3️⃣ Gatekeeping processes
The key reason why connections start slowing down is gatekeeping.
With the growth of the business, the error blast radius of decisions grows proportionally. Hence, you need protection against wrong decisions. It usually comes in the form of processes and protocols.
At the later stages, the company starts transitioning towards preservation and moving away from risks.
That’s why Google AB-tests a border color change in the interface. You can lose millions, if you pick the wrong one.
It’s a natural process, but not without it’s side effects.
One of such is premature gatekeeping. A political kingdom might arise based on an ego rather than the actual business need.
Alternatively, a cargo-cult obsession might kick in. I’ve seen companies introduce full-blown discovery sprints at the early-PMF stage. Instead of creating value, the formality of the process just slowed down the execution and the connections between teams.
4️⃣ Monolithic codebase
A common enemy of all hypergrowth companies is a monolithic codebase.
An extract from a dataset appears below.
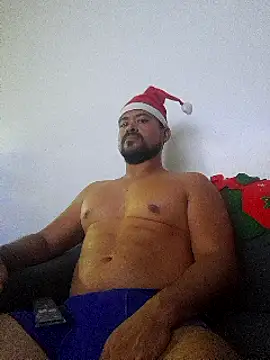 Snapshot of LatinMar chatting on 12/26/24, 12:03 LatinMar online show from 12/26/24, 12:03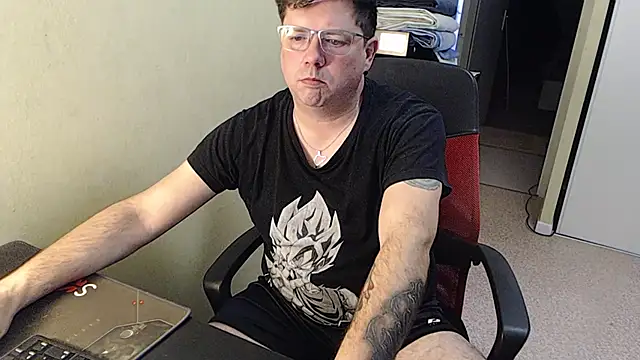 Snapshot of blueandwhite1 chatting on February 7, 3:52 pm blueandwhite1 online show from February 7, 3:52 pm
When a company kicks off everything needs to happen fast. Build, ship, test. No second guessing.
The whole service is contained in a single executable file of code and bulks up as more features are being added. There’s no time to think about tech debt, the company needs to blitzscale.
This euphoria suddenly comes to a halt when a simple feature takes a year to roll out.
The team needs to make many changes in a single giant codebase. Those changes need to be done carefully, not to disrupt the work of other teams or put the whole business to a halt.
This process is typically accompanied by gatekeepers, ensuring the team does everything just right.